“We are unaware of how much of the past is alive in us even when we believe ourselves to be entirely spontaneous.” Anna Mahler
I am looking at a photograph of the sculptor, Anna Mahler. She is a small woman, standing on a scaffold in front of a huge block of stone three times her height, a hammer in hand. She is chipping away, attempting to bring form out of that intractable mass. Each day she crawls up that scaffold, putting the hammer against stone, the effort reverberating through her hand into her body, she is sweating and aching with effort, driven by what unknown desire. . . . ?
Like Anna Mahler, we determined memoirists come face to face with the obdurate stone of our material. The little hammer of desire is all we have with which to fashion something of beauty. The scaffold of aspiration offers access to height – we can start at the top or the bottom.

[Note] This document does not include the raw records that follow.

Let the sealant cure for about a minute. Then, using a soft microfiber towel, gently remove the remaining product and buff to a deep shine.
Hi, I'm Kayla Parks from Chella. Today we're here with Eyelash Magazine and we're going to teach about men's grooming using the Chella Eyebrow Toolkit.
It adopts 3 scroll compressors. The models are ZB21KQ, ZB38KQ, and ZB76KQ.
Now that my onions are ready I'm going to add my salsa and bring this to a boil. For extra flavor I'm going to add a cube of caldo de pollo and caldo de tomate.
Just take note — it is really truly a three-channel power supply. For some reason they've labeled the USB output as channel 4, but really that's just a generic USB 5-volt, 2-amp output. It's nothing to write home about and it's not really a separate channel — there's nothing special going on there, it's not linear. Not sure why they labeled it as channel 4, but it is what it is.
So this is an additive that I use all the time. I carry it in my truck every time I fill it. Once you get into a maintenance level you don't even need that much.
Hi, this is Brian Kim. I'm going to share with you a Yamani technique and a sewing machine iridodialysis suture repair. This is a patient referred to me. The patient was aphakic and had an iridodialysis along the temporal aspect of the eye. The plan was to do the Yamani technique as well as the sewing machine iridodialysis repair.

I frequently think of Anna Mahler’s persistent commitment as I confront the work of memoir. How to bring forth those characters hidden within the inscrutable stone of memory? How to press an ear to the lips of those inside; to hear their whispered voices? How to cooperate with material that can often feel resistant and unyielding, whether it be 28 tons of Indiana limestone or hundreds of pages of words?

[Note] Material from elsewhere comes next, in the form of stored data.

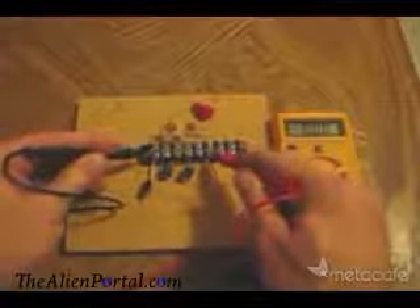I'll check the baseline voltage of the system before hooking it up to the antenna. Notice, there is no voltage reading.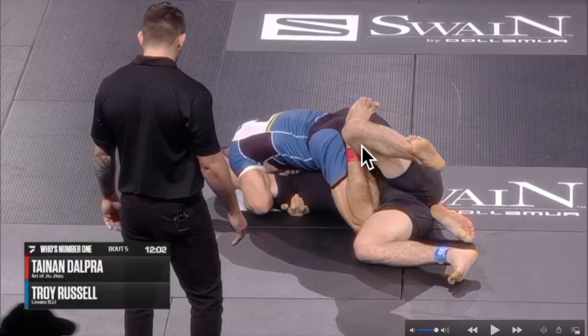If his opponent wasn't trapping his foot, all he'd have to do is move instead of dropping the foot to the ground. Move the knee all the way up first and then replace your foot where your knee is. That's why it's important to open up the underhook — open your opponent's arm all the way up so you have a big gap to bring your knee all the way up underneath your opponent's armpit and just replace your foot with your knee.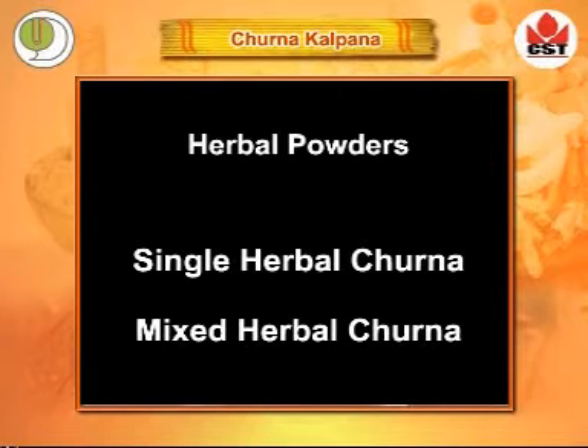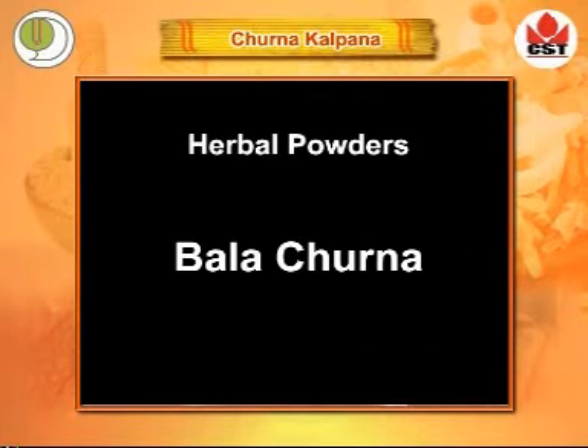Churna Kalpana refers to herbal powders, which can be single herbal or mixed. Here we prepare the powder of roots of Bala, known as Bala Churna.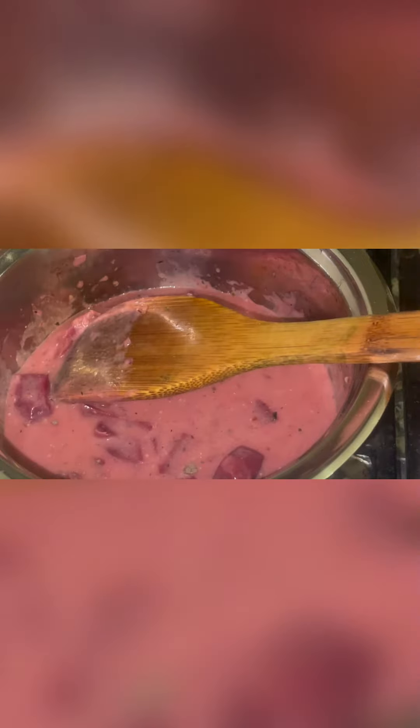A few moments later, we pour in some olive oil instead of the hute juice. We make sure it boils and we put in some beef stock or chicken stock — whatever you have on hand, it will all work out. We let that simmer for a bit.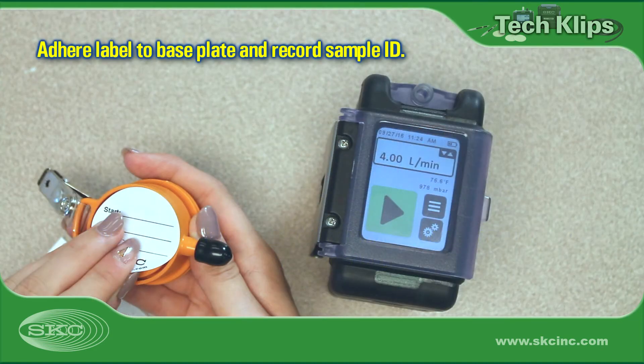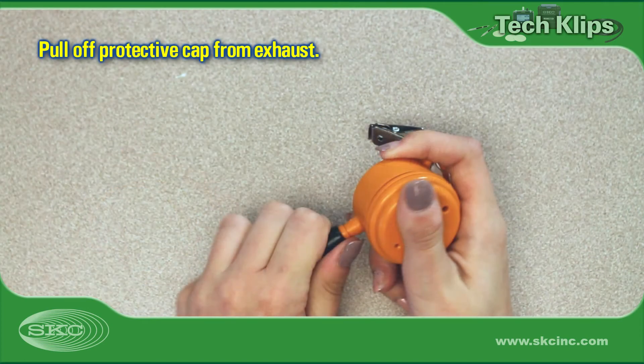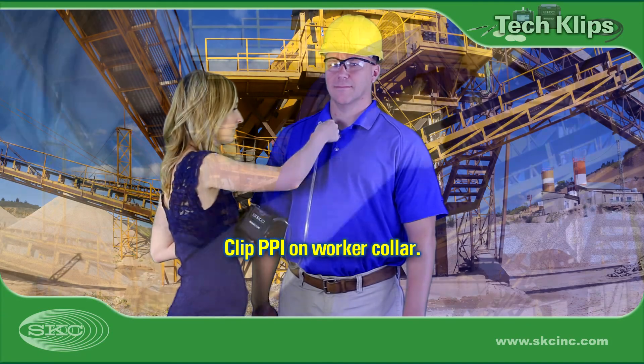Adhere the provided label to the bottom of the sampler's base plate and record the sample ID. Record the sample start time on this label when ready to sample. Remove the protective cap from the sampler exhaust. Attach the pump inlet to the PPI exhaust with Tygon tubing. The tubing should be long enough to reach from the worker's collar to waist.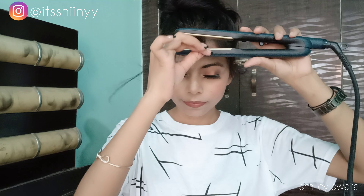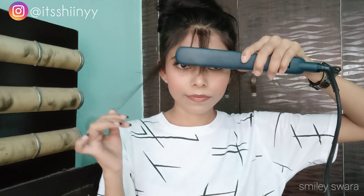Now I am using a hair straightener. I am just going to straighten the fringes and check how long they are.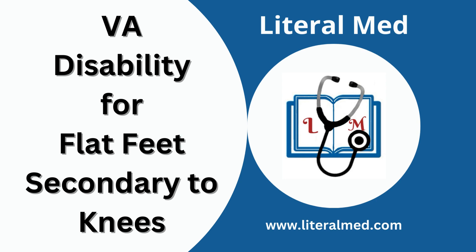Welcome to our channel. Today we will talk about the VA disability compensation for flat feet secondary to knee conditions. If you're a veteran dealing with these issues, you've come to the right place. We'll guide you through the process and ensure you have all the valuable information you need. Let's get started.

Mahler’s daunting effort resulted in the Tower of Masks, a sculpture I passed every day on my way to art classes at UCLA in the early 80’s, never considering the artist or what she undertook. At Mahler’s memorial, her daughter described how each morning her mother went to her outdoor studio and “at a small wooden table, in total silence, she played solitaire to let the next move grow within her. To listen to it . . . .” She reported that with her monumental sculptures Anna Mahler liked best to attack the stone directly, often without a preliminary sketch. She respected the will of the stone, something that could be mastered, but never denied.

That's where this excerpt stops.